MEHMET ALİ ŞAHİN (Karabük) – Evet.
FARUK BAL (Konya) – Ben bir soru soracağım Doğan Bey’e.
MEHMET ALİ ŞAHİN (Karabük) – Komisyonumuzun üyelerinden…
SIRRI SÜREYYA ÖNDER (İstanbul) – Yok, ben geç geldiğim için soru sormayacağım.
MEHMET ALİ ŞAHİN (Karabük) – Ama misafirlerimize takdim etmem lazım.
Sırrı Süreyya Önder…
ALTAN TAN (Diyarbakır) – Esas üye Sırrı Bey, bugün ben yedek üyeyim.
FARUK BAL (Konya) – Doğan Bey, zatıaliniz engellilerle ilgili açıklamalarda bulundunuz. Malum, Anayasa’nın 61’inci maddesinde, diğerleriyle birlikte, engellilere farklı bir tanımlamayla devlet koruyucu özelliğini ortaya koyan bir hüküm vardı. Daha sonra 2010 Anayasa değişikliğiyle “Engellilere pozitif ayrımcılık yapılacaktır.” diye bir madde daha ilave edildi. 2010’dan sonra, engellilerin durumuyla ilgili pozitif bir gelişme oldu mu?

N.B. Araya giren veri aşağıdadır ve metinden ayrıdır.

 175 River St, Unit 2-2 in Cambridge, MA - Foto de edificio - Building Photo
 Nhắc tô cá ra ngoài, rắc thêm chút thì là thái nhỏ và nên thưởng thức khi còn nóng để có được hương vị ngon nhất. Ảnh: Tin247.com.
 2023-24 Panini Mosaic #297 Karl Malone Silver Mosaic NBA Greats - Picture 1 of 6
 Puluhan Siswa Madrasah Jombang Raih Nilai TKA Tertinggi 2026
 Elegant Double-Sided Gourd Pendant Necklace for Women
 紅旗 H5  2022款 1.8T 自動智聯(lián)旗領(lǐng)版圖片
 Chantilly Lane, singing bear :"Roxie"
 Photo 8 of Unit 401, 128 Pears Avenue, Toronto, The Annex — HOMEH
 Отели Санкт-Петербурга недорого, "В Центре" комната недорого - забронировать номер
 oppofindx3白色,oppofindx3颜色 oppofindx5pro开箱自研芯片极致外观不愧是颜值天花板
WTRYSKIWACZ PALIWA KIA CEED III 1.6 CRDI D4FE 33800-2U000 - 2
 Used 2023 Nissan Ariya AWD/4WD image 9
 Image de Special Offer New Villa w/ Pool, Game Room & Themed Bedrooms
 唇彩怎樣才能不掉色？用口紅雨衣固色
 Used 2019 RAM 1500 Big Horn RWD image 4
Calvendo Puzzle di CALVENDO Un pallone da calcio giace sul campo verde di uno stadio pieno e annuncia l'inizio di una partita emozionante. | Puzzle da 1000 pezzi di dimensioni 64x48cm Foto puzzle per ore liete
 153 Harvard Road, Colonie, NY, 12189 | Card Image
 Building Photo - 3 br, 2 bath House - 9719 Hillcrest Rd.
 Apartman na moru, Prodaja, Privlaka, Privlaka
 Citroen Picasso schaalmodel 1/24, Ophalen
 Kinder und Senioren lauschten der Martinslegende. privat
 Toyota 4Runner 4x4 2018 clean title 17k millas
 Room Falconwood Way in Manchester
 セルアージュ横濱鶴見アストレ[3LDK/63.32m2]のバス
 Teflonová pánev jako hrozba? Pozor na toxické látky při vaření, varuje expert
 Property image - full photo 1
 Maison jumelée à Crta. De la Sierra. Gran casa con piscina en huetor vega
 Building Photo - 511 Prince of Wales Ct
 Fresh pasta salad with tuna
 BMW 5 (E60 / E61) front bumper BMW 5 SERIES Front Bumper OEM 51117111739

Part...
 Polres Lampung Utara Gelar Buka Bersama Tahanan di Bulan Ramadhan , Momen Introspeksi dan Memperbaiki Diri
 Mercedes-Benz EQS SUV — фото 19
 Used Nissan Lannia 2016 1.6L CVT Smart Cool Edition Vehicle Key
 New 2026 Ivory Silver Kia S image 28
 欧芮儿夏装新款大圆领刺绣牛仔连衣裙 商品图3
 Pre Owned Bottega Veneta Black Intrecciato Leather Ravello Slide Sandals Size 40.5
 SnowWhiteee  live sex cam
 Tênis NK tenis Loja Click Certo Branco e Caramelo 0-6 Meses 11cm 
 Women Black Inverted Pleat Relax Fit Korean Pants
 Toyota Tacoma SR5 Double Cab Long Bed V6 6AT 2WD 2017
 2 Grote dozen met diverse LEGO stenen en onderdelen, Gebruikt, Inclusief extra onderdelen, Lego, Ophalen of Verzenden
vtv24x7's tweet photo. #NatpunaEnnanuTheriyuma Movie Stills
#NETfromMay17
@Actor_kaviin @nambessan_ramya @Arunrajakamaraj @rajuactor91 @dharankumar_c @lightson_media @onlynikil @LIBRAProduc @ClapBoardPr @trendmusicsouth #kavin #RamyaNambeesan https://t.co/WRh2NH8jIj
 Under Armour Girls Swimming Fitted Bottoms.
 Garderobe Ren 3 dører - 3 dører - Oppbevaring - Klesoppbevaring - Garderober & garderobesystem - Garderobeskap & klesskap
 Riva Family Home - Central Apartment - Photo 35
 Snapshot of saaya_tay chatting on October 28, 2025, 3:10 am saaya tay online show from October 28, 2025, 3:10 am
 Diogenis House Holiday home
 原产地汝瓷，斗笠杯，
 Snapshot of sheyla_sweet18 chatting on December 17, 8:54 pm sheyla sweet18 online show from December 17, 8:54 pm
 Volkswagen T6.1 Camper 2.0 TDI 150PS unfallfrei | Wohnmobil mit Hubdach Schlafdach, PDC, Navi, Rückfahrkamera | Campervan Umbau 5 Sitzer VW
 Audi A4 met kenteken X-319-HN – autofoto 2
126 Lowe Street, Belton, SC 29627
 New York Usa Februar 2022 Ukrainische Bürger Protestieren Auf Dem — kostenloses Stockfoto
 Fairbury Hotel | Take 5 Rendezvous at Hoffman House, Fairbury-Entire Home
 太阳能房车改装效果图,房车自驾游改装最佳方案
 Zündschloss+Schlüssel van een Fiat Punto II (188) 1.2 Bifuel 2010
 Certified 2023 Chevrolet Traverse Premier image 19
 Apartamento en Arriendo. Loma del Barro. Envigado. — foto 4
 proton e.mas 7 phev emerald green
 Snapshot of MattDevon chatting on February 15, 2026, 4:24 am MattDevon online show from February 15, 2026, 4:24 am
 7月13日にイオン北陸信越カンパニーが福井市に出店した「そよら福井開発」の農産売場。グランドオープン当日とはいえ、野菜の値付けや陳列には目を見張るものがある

HİTİT ÜNİVERSİTESİ MESLEK YÜKSEKOKULU ÖĞRETİM GÖREVLİSİ DOĞAN DEMİRCİ – 2010’dan sonra, bizim şöyle, bunu hissetmek biraz zaman alıcı bir şey olsa gerek. Yani çünkü bunu görebilmeniz için belli düzenlemelerin yapılıp bunların sonuçlarını ortaya koymanız lazım. Çünkü şöyle göremiyoruz yani ben de göremiyorum yerine göre. Ben yaşadığım şehri görebiliyorum, belki diğer şehirleri göremiyorum ama genel anlamda bazı sıkıntılar var. Genel sıkıntı şu: Yani ne yapıldığına yönelik bizim, net, ortada somut bir şey yok. Yani nedir? Örneğin bir dışarı çıktığınızda… Ben biraz daha şanslıyım belki yerine göre ama tekerlikli sandalyeli bir birey her yere ulaşamıyor, önünde bir sürü fiziki engeller…
FARUK BAL (Konya) – O sorunları sormadım ben. Pozitif bir ayrımcılığı ortaya koyan bir şey ortaya çıktı mı?
HİTİT ÜNİVERSİTESİ MESLEK YÜKSEKOKULU ÖĞRETİM GÖREVLİSİ DOĞAN DEMİRCİ – Pozitif ayrımcılığı ortaya koyan, o anlamda bir şey ben görmedim.
FARUK BAL (Konya) – Peki, teşekkür ederim.
MEHMET ALİ ŞAHİN (Karabük) – Zabıtlara geçsin diye hemen ifade edeyim: Kamuya özürlü personel de alınıyor. Bu sene ilk kez kamu personeli seçme sınavı yoluyla değil, kendi aralarında, özür grubuna göre ayrıca özel sınavlar yapılacak. Bu Anayasa’daki işte “Pozitif ayrımcılık yapılacaktır.” hükmünün bu seneki bir uygulaması olacak, ilk defa olacak. Özürlülerle ilgili, 20 küsur bin özürlü bu sene alınacak, özel sınavlarla alınacak. Daha önce hepsi birlikte sınava tabi tutuluyordu, özür gruplarına göre, onlara tahsillerine göre ayrı ayrı sınavlar yapılmak suretiyle engelli vatandaşlarımızın kamuda istihdamı konusunda bu yeni bir uygulama olarak bu sene başlayacak. Sanıyorum müracaat süreleri de başladı.